Reproduce all of the entries below exactly, without images.

* [DATASET RECORDS]
********************
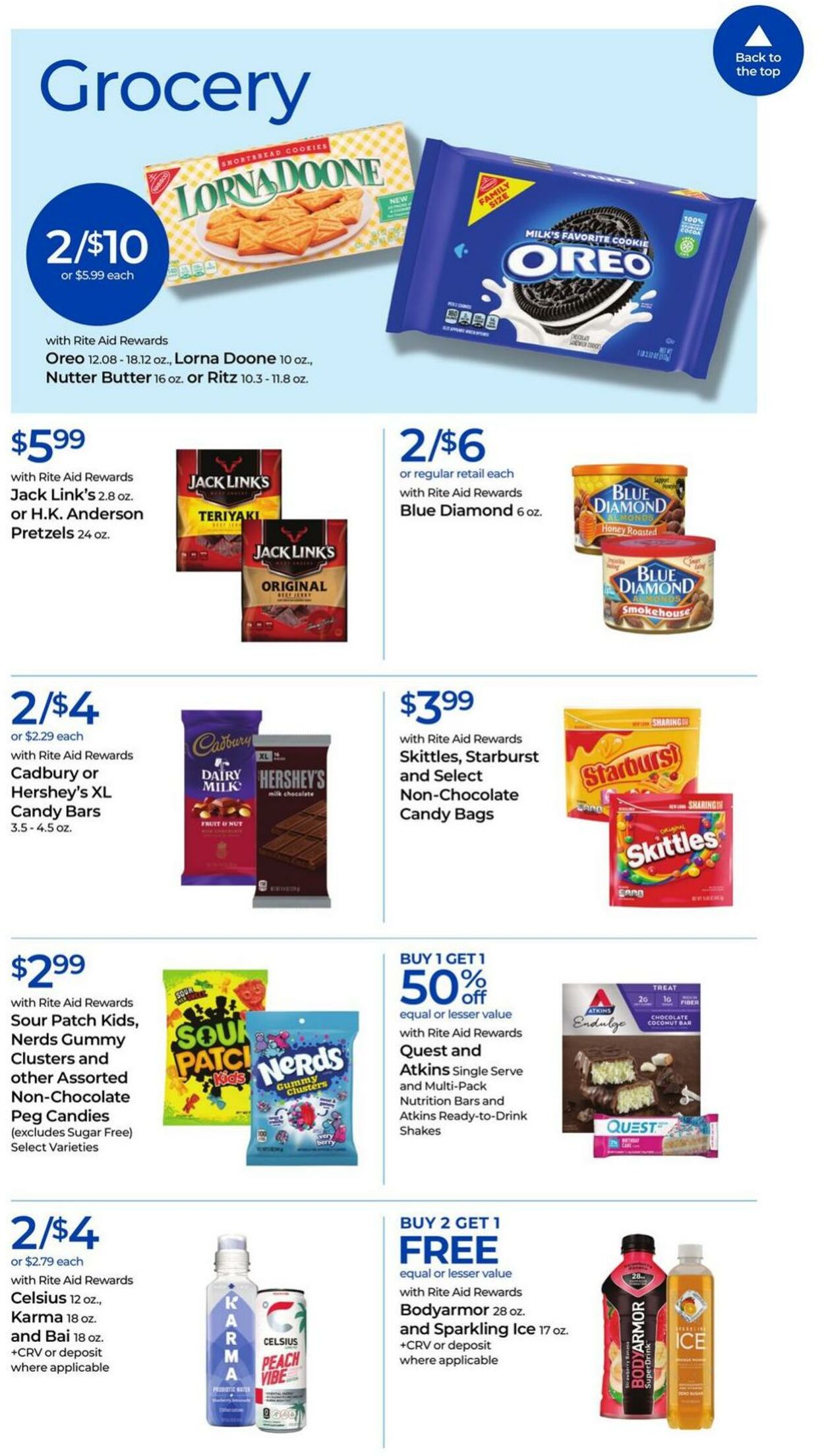 Weekly ad Rite Aid 07/28/2024 - 08/03/2024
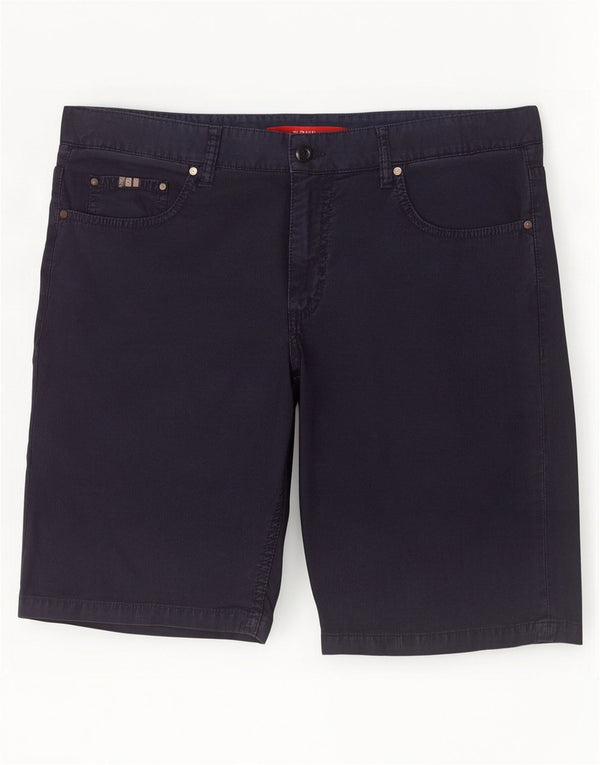 Shorts casuais masculinos Cerruti W38 XL algodão azul marinho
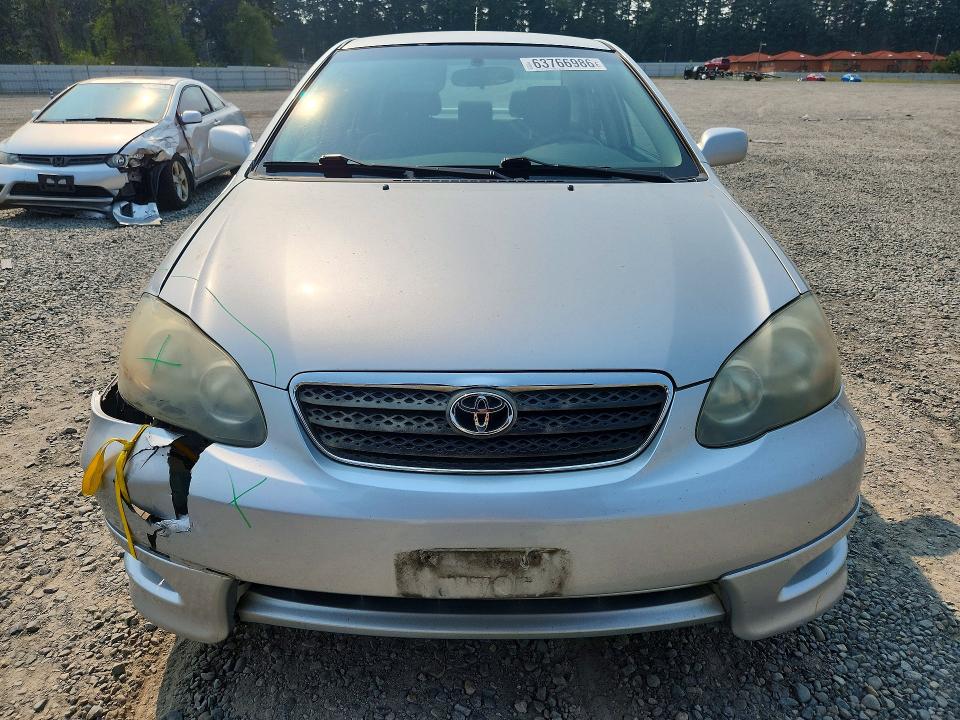 Продажа на аукционе авто 2005 Toyota Corolla, vin: 2T1BR32EX5C476617, номер лота: 63766986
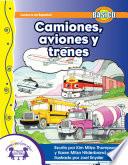 libro Camiones, Aviones Y Trenes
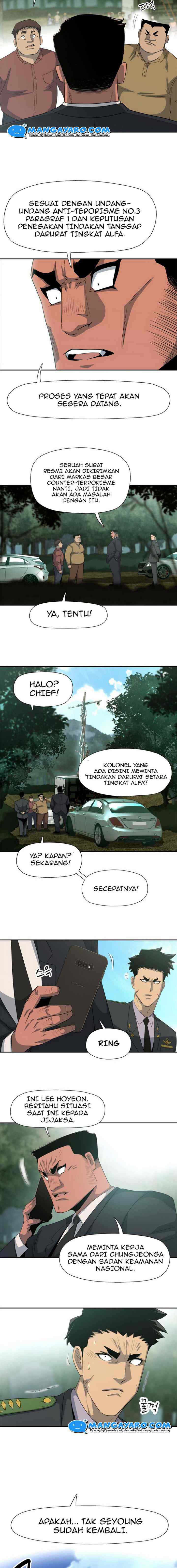 Rooftop Sword Master : Arachi The First Irregular chapter 19 halaman 14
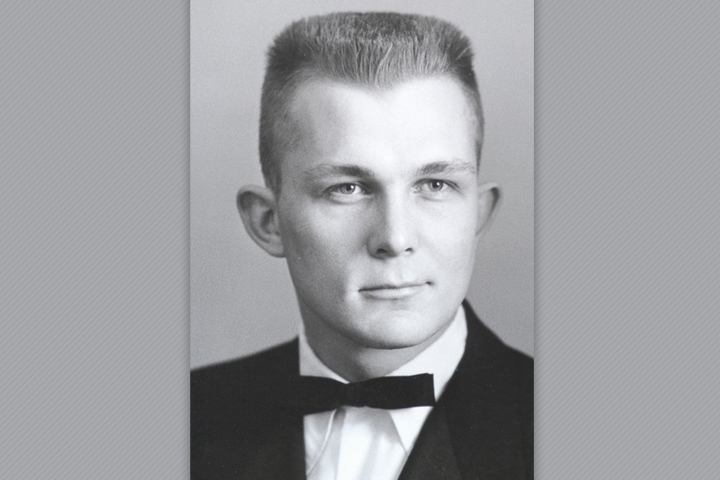 Charles in the black suit with bow tie.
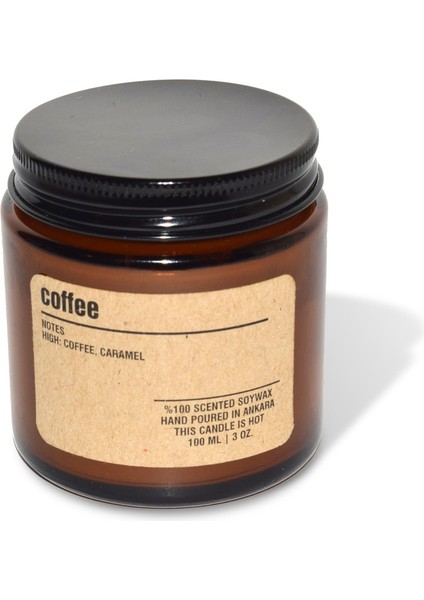 : Kokulu Soya Mum : 200 gr : Coffee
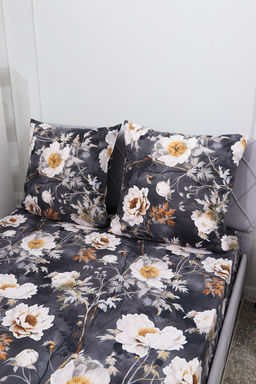 Наволочка поплин Темная ночь 2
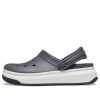 Crocsband Full Force Thick Sole Gray Sandals 206122-07I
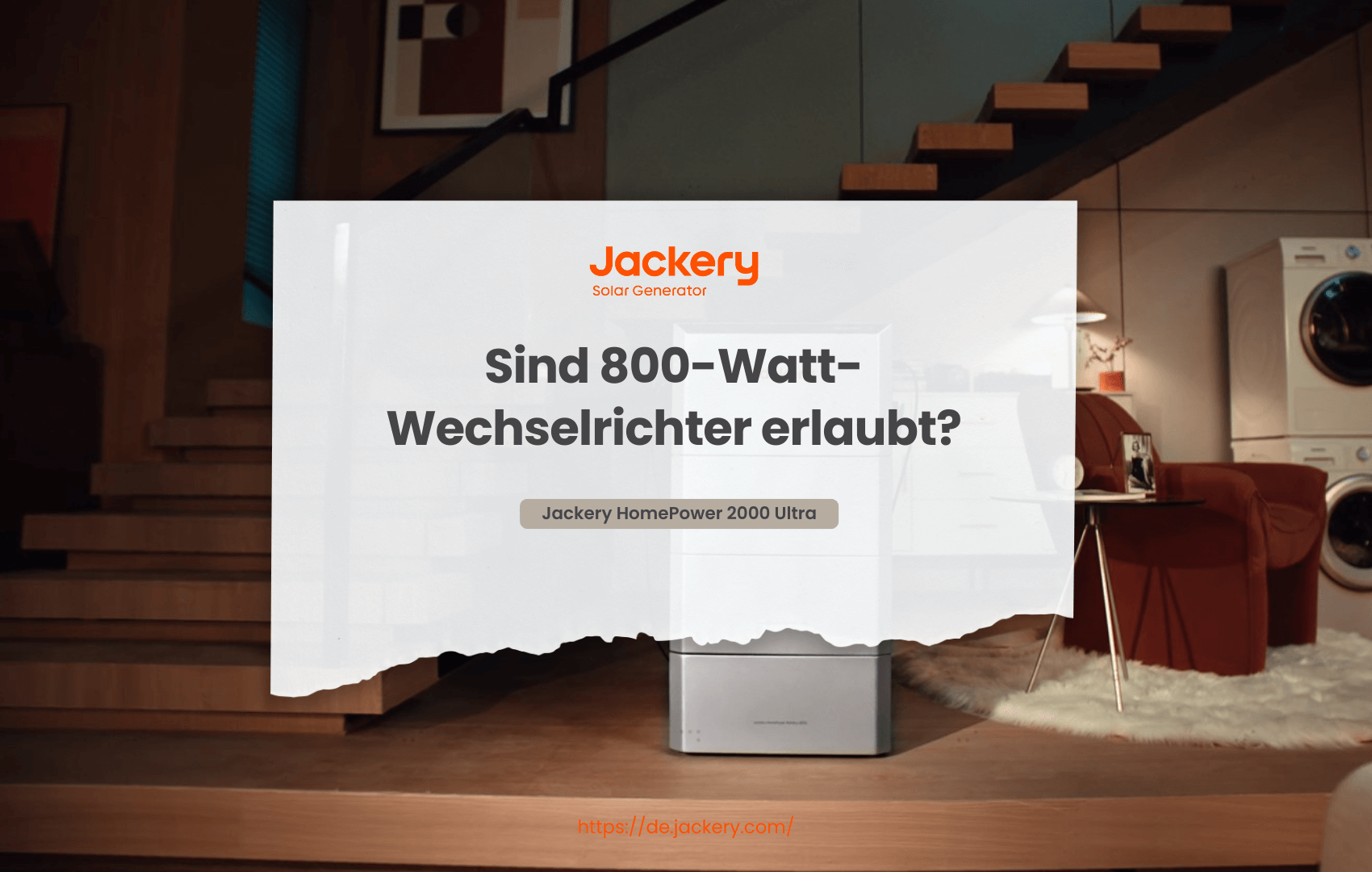 Sind 800-Watt-Wechselrichter erlaubt?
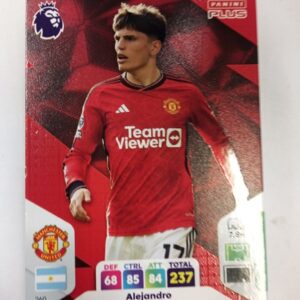 2024 Panini Plus AdrenalynXL Alejandro Garnacho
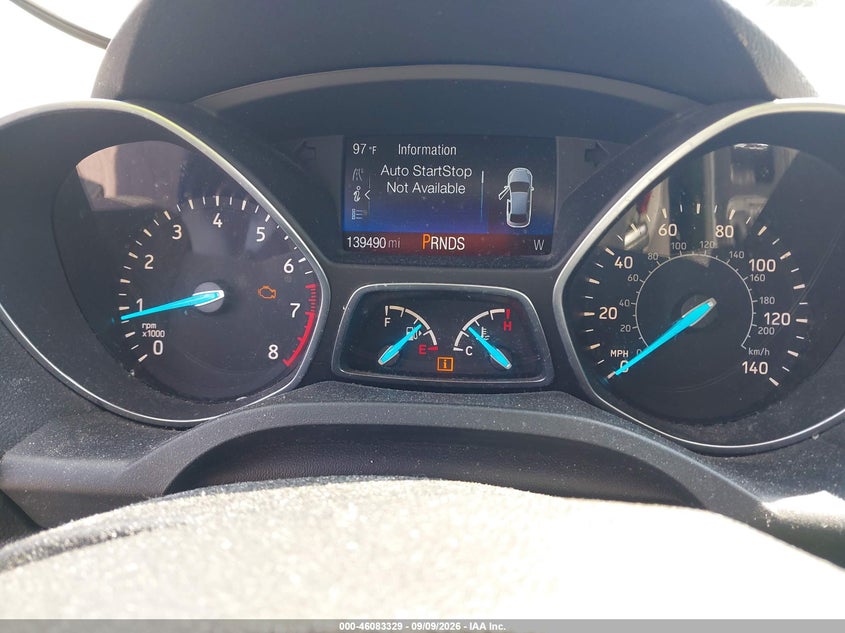 2017 FORD ESCAPE auction photo 7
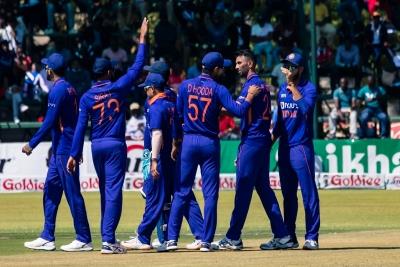  IND V ZIM, 1St ODI: Axar, Deepak, Prasidh Pick Three Wickets Each As India Bowl Out Zimbabwe For 189 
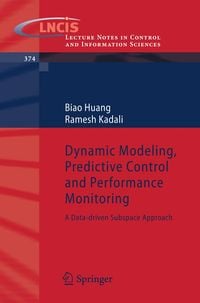 Produktbild: Dynamic Modeling, Predictive Control and Performance Monitoring
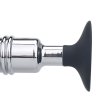 (image for) Silicone Suction Metal Butt Plug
********************
* [FINAL ANSWER]
 Weekly ad Rite Aid 07/28/2024 - 08/03/2024
 Shorts casuais masculinos Cerruti W38 XL algodão azul marinho
 Продажа на аукционе авто 2005 Toyota Corolla, vin: 2T1BR32EX5C476617, номер лота: 63766986
 libro Camiones, Aviones Y Trenes
 Rooftop Sword Master : Arachi The First Irregular chapter 19 halaman 14
 Charles in the black suit with bow tie.
 : Kokulu Soya Mum : 200 gr : Coffee
 Наволочка поплин Темная ночь 2
 Crocsband Full Force Thick Sole Gray Sandals 206122-07I
 Sind 800-Watt-Wechselrichter erlaubt?
 2024 Panini Plus AdrenalynXL Alejandro Garnacho
 2017 FORD ESCAPE auction photo 7
  IND V ZIM, 1St ODI: Axar, Deepak, Prasidh Pick Three Wickets Each As India Bowl Out Zimbabwe For 189 
 Produktbild: Dynamic Modeling, Predictive Control and Performance Monitoring
 (image for) Silicone Suction Metal Butt Plug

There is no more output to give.